Том 12. Стихотворения — страница 12 из 49

Единство — вот людских усилий атрибут.

В одну и ту же цель все стрелы попадут.

Короче говоря и проще выражаясь,

Вот вам мои грехи, я совершил их, каюсь.

Должно быть, стары вы, папаша, и у вас

Я о прощении прошу в десятый раз.

Да, если бог — Бозе, то я безбожник истый.

Язык наш гладкий был, прилизанный и чистый:

Блеск лилий золотых, как небеса — плафон,

Старинных кресел круг, а посредине трон…

Нарушил я покой в почтенном этом зале.

Обученные мной, полковниками стали

Капралы-имена. Местоимений рой

Атакой яростной пошел на старый строй.

В гиену обратил я дряхлое причастье.

Глагол стал гидрою с раскрытой, страшной пастью.

Я признаюсь во всем. Разите смельчака!

Ланите я сказал: «Послушай-ка, щека!»

Плоду златистому: «Будь грушей, но хорошей»;

Педанту Вожела: «Ты старая калоша».

В республике слова должны отныне жить;

Должны, как муравьи, трудиться и дружить!

Я все разворошил, угрюмый и упорный,

Я бросил гордый стих собакам прозы черной.

Я был не одинок. Соратники-друзья

Добились большего и лучшего, чем я.

Мы разлучили муз с раздутой, глупой спесью.

Нет полустишиям возврата к равновесью!

Да, проклинайте нас!
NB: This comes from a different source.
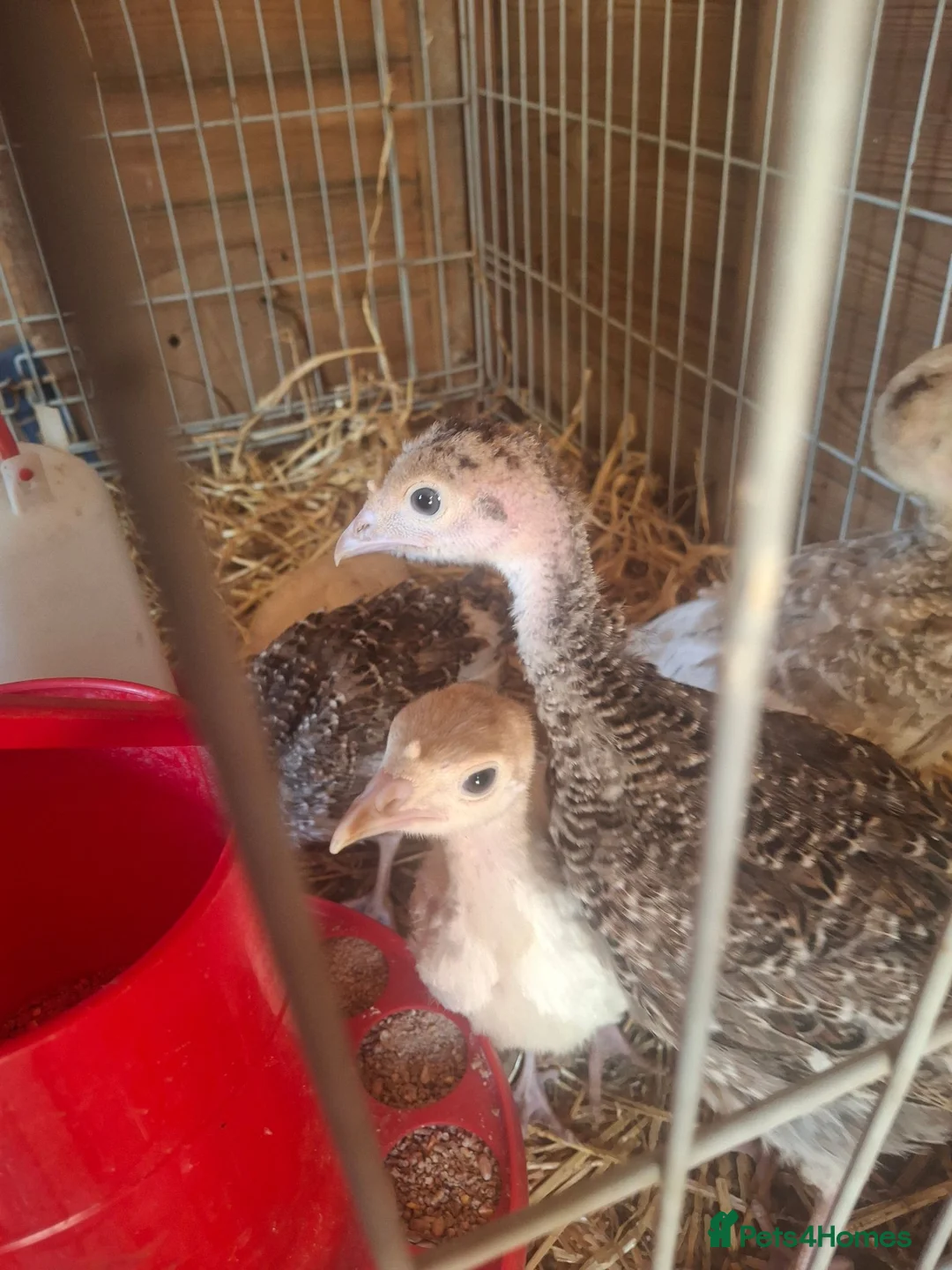 Turkeys poultry for sale: Turkey poults various ages  - Advert 1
В минувшие года

Двенадцать перьев стих носил на лбу всегда.

Как мячик, вверх его подкидывали метко

Ракетка-этикет, просодия-ракетка.

А ныне правила он в клочья разорвал,

И крыльями взмахнул, и жаворонком стал,

Простился навсегда с цезурою-темницей

И к небесам взлетел освобожденной птицей.

Отныне каждый слог прекрасен и велик.

На волю вывели писатели язык.

И вот, по милости бандитской своры этой,

К нам возвращаются, сиянием одеты,

Правдоподобие, разя тупой обман,

Воображение, смущая сон мещан,

И с песней радости, с улыбкой, со слезами

Поэзия опять склоняется над нами.

Плавт и Шекспир ее в простой народ несли.
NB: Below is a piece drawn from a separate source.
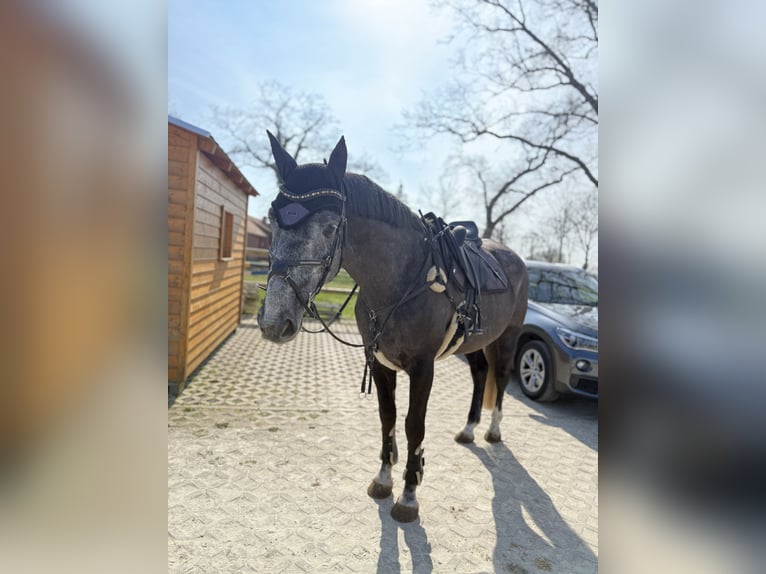 Hannoveraner Wallach 6 Jahre 165 cm Kann Schimmel werden in Diepenau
В ее пророческом величии нашли

Иов — дар мудрости, Гораций — ясный разум.

Опьянена небес неистовым экстазом,

По лестнице годов, предчувствием полна,

Стремится к вечности неведомой она.

Нисходит муза к нам, влечет нас за собою,

Печально слезы льет над нашей нищетою,

Ласкает, и разит, и утешает нас,

И радует сердца сверканьем тысяч глаз,

И вихрем тысяч крыл, как ураган могучих,

И лирою своей — каскадом искр певучих.

Так ширятся пути, ведущие вперед.

Да, Революция теперь везде живет,

Трепещет в голосах и в воздухе струится,

Глядит на нас из книг, с прочитанной страницы,

Ликует, и поет, и славит бытие.

Цепей не ведает язык и дух ее.

В романе спрятавшись, беседует порою

О чем-то с женщиной, как с младшею сестрою.

Мыслитель, гражданин — надежд ее оплот.

Свободу за руку она с собой ведет,

И раскрываются пред ней сердца и двери.

Полипы сумрачных, угрюмых суеверий,

Нагроможденные ошибками веков,

Не могут выдержать атаки легких слов,

Горящих пламенем ее души упрямой.

Она — поэзия, она — роман, и драма,

И чувство, и слова. Она светла всегда —

Фонарь на улице, на небесах звезда.

Она вошла в язык хозяйкою суровой.

Искусство отдает ей голос свой громовый.

Подняв с колен толпу униженных рабов,

Стирая старые следы морщин со лбов,

Она дарит народ отвагою своею

И превращается в могучую Идею.

Париж, январь 1834

«Поэма сетует, рыдая…»

Поэма сетует, рыдая; драма страждет

И душу всю излить через актеров жаждет.

На миг растрогана, спохватится толпа:

«Затея автора ведь, право, не глупа:

Он громы мнимые на мнимых шлет героев,

Из наших слез себе посмешище устроив.

Спокойна будь, жена; утри глаза, сестра».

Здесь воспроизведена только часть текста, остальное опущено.